De nuevo hemos vivido una historia repetida y aquí seguimos, a pesar de tanto caos, sin que se haya consumado la tragedia, aunque tampoco los dramaturgos helenos fueron capaces de aclararnos a partir de qué nivel de desgracia debemos considerarnos inmersos en ella. 

“La historia nos pone a todos en nuestro sitio y nos enseña que no hay mal que cien años dure”

Para algunos, la tragedia llegaría con la suspensión de pagos de Grecia, una adversidad que podría haber supuesto el fin del euro. No diré ni si creo que habría sucedido esto, ni todo lo contrario, pues es difícil predecir el efecto que tendría; me limitaré, en cambio, a dar algunos datos que quizá sirvan para relativizar esta tragedia.

España —sí, han leído bien— ha sido el país que más defaults ha sufrido a lo largo de su historia, aunque conviene advertir que otros países como Estados Unidos o las naciones latinoamericanas no tienen una historia tan larga detrás. Según los economistas Kenneth Rogoff y Carmen Reinhart, de la Universidad de Harvard, incumplimos nuestros compromisos (suspensión de pagos o renegociación de deuda) en 1557, 1575, 1596, 1607, 1627, 1647, 1809, 1820, 1831, 1834, 1851, 1867,1872 y 1882. Durante la Guerra Civil, en 1936, hubo algún que otro problema.

Sin embargo, durante el pasado siglo XX estuvimos entre los países más cumplidores. No así Austria o Alemania, que suspendieron dos veces. El primero acumula en su historia siete tarjetas rojas y Alemania (si se contabiliza Prusia), ocho. Grecia, por debajo de estas dos, tiene cinco, aunque solo han pasado 200 años desde su independencia.

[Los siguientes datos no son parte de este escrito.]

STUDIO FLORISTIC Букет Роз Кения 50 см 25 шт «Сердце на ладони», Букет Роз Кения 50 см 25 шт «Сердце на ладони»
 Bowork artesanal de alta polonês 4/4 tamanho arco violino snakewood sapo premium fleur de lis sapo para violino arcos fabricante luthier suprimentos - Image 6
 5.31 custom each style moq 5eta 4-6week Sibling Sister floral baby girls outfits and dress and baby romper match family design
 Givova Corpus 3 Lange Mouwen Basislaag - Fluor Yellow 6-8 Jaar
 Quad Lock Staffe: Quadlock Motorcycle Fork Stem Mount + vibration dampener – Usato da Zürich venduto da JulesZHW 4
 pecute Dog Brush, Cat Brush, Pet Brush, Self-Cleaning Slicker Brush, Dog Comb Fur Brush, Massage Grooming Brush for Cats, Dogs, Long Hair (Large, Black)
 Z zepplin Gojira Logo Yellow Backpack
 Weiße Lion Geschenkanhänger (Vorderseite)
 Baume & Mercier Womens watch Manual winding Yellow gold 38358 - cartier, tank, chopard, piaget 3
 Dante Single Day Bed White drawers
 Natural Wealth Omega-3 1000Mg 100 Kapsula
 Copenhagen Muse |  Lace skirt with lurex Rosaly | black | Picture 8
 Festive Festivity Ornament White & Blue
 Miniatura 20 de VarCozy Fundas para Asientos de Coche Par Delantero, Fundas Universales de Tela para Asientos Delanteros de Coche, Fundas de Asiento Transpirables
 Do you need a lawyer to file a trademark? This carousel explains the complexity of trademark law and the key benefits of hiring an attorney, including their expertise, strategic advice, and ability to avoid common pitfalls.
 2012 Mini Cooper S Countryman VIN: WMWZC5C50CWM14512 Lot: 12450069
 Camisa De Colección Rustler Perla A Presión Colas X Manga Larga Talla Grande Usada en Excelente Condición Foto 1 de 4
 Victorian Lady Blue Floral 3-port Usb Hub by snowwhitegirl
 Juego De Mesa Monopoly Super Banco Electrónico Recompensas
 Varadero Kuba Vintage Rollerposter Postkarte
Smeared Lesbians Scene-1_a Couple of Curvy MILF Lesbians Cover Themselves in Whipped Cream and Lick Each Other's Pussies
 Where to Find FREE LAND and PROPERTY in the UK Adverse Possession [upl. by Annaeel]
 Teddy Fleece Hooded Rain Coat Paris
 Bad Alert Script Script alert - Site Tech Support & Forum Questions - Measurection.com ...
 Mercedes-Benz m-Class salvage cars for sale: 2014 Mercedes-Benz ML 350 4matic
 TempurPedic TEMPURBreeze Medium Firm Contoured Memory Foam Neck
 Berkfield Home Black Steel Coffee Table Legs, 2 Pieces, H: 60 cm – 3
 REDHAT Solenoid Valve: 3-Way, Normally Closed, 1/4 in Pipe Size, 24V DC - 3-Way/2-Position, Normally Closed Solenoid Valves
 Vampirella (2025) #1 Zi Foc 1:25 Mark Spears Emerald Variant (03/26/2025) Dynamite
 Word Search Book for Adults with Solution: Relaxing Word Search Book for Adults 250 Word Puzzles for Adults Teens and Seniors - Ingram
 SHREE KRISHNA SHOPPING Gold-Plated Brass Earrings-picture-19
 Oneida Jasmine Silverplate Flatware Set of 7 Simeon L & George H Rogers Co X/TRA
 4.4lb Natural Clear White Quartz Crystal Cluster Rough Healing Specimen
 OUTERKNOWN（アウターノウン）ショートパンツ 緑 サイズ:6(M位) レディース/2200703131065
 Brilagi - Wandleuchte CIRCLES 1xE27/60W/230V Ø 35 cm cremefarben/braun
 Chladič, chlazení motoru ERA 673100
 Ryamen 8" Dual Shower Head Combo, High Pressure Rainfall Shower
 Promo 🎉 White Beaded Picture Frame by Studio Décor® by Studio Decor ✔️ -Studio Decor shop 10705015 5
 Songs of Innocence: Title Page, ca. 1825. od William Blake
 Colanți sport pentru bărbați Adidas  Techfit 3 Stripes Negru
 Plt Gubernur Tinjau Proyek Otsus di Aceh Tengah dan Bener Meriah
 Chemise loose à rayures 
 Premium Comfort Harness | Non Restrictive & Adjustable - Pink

Países, pero también empresas. General Motors, Kodak, Chrysler, American Airlines, Citigroup, Texaco, United Airlines, Delta, el fabricante de componentes de automóviles Delphi o la eléctrica Enron son una pequeña representación de las muchas compañías que han suspendido pagos.

Moraleja, si me lo permiten: la historia nos pone a todos en nuestro sitio y nos enseña que no hay mal que cien años dure y que el miedo, aunque inevitable, es un pésimo consejero.